Table 2. Concentration (ppm) of biogenic amines in traditional sourdoughs.

Biogenic Amine	Samples						Statistical Significance 1
	1BL	2BL	3BL	1HM	2HM	3HM
Histamine	<LOD b	<LOD b	<LOD b	6.733 ± 0.201 a	<LOD b	<LOD b	***
Putrescine	8.831 ± 0.524 c	14.063 ± 0.584 b	9.001 ± 0.649 c	37.364 ± 1.239 a	15.981 ± 0.923 b	11.702 ± 0.634 c	***
Cadaverine	<LODa	<LOD a	<LOD a	<LOD a	<LODa	<LODa	N.S.
2-Phenylethylamine	<LOD b	<LOD b	<LOD b	0.299 ± 0.012 a	<LOD b	<LOD b	***
Tyramine	0.178 ± 0.004 c	0.307 ± 0.004 c	0.354 ± 0.021 c	112.583 ± 6.377 a	4.634 ± 0.398 c	47.874 ± 3.203 b	***
Triptamine	<LOD d	<LOD d	<LOD d	0.258 ± 0.002 c	24.234 ± 0.318 a	0.711 ± 0.038 b	***
Spermidine	10.205 ± 0.056 b	6.815 ± 0.084 c	9.553 ± 0.366 bc	10.294 ± 0.046 b	20.557 ± 2.649 a	6.587 ± 0.383 c	***
Spermine	6.323 ± 0.09 c	2.666 ± 0.114 f	5.108 ± 0.055 d	8.879 ± 0.142 b	14.287 ± 0.132 a	3.471 ± 0.064 e	***

¹ Data within a line followed by the same letter are not significantly different according to Tukey’s test. p value: *** p < 0.001. Abbreviations: BL, bakery-level sourdoughs; HM, home-made sourdoughs; LOD, below the detection limit; N.S., not significant.

).

According to the results from the colorimetric assay, HM samples showed the highest content of BAs with values that were from three- to almost seven-fold higher than those detected in BL samples. Once again, 1HM sourdough contained the highest amount of BAs among HM samples.

Regarding the qualitative amine profile of the investigated sourdoughs, sample 1HM was the only sample containing almost all studied BAs, except for cadaverine, which was not detected in any of the analysed samples. Moreover, 1HM was also the only sample to contain histamine and 2-phenylethylamine. In particular, the detected amount of histamine was about 4% of the total BAs content of 1HM sourdough. Tyramine and putrescine were found at the highest concentrations, representing over 80% of the total BAS content in 1HM and 3HM samples. On the contrary, a higher homogeneous distribution of putrescine, tyramine, spermidine, and spermine was observed for 2HM sourdough. Tryptamine was exclusively detected in HM sourdoughs, ranging between 0.711 and 24.023 ppm.

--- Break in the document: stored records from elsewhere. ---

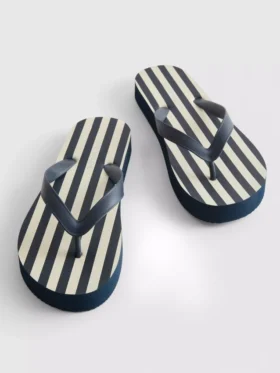 Chanclas de plataforma con rayas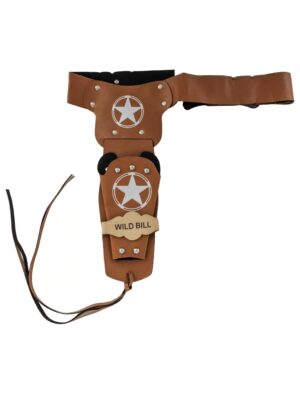 Kostümzubehör Coltgürtel Wild Bill 1 Holster braun 115 cm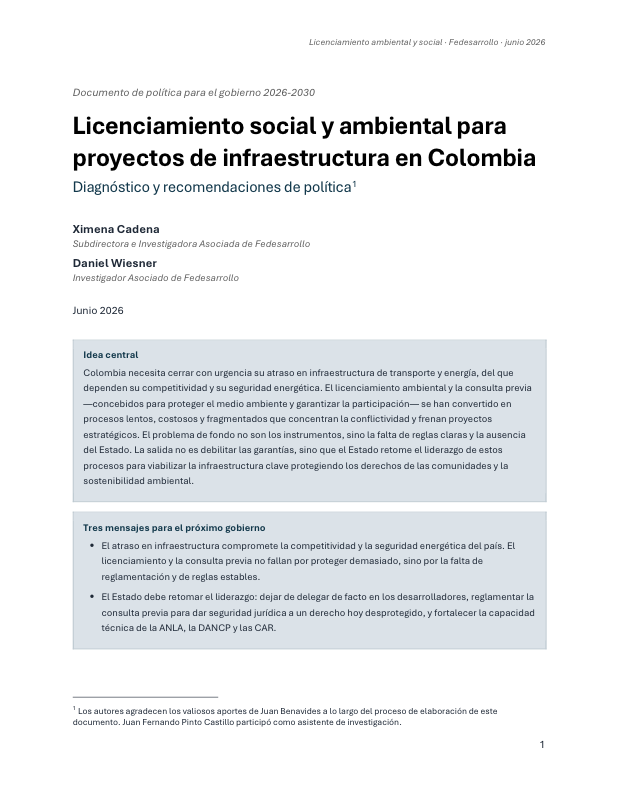 Vista previa del documento Licenciamiento ambiental y social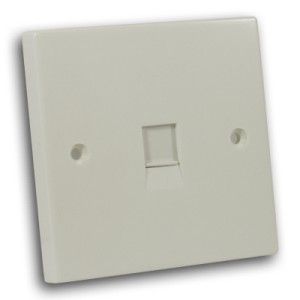 Single RJ45 Outlet Off White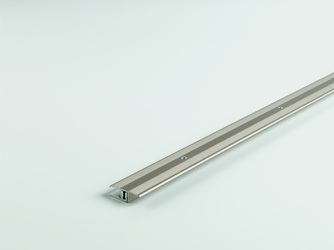Übergangsprofil Aluminium für Vinyl/ Laminat Edelstahl 1000mm Übergangsprofil Aluminium für Vinyl/ Laminat Edelstahl 1000mm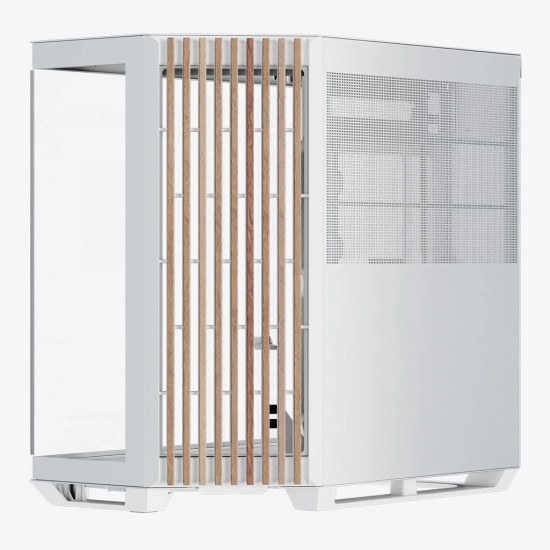 Кутия за компютър APNX Case ATX - V1-W - Wood, White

Regarding BL sourdoughs, the average value of the sum of the eight BAs was around 25 ppm. For these samples, a reduced BAs variability indicated, as expected, that the preparation conditions of the sourdoughs from bakery were much less variable than those encountered at the home level. Putrescine, tryptamine, spermidine, and spermine were the only BAs detected in BL samples. In particular, putrescine and tryptamine accounted for over 75% of the total BAs content in the three samples. Tyramine content, which exceeded 60% of the total BAs in 1HM and 3HM, represented barely 2% of the total BAs content of BL sourdoughs. Among the different BAs, acute toxic effects are mainly caused by histamine and tyramine. Histamine intoxication causes a symptomatology known as “scombroid fish poisoning” with redness and skin rashes, burning in the mouth, severe headaches, heart palpitations, asthma attacks, and abdominal cramps [31]. Tyramine, a strong vasoconstrictor, causes an intoxication known as “cheese reaction”. This symptomatology is characterised by increased cardiac output, nausea, vomiting, respiratory disorders, increased blood pressure, heart failure, brain hemorrhage, and gastrointestinal disorders also caused by increased enteropathogenic bacteria adhesion to gut mucosa [32]. Among other BAs, putrescine, cadaverine, spermine, and spermidine acute intoxication are less known. Putrescine and cadaverine increase adverse effects of BA intoxication by the inhibition of MAO and DAO [33], enzymes involved in BA catabolism. Spermine and spermidine increase blood pressure and induce respiratory symptoms and neurotoxicity at very high concentrations [34]. Finally, the health risks associated with the intake of tryptamine and 2-phenylethylamine in foods have been insufficiently characterised.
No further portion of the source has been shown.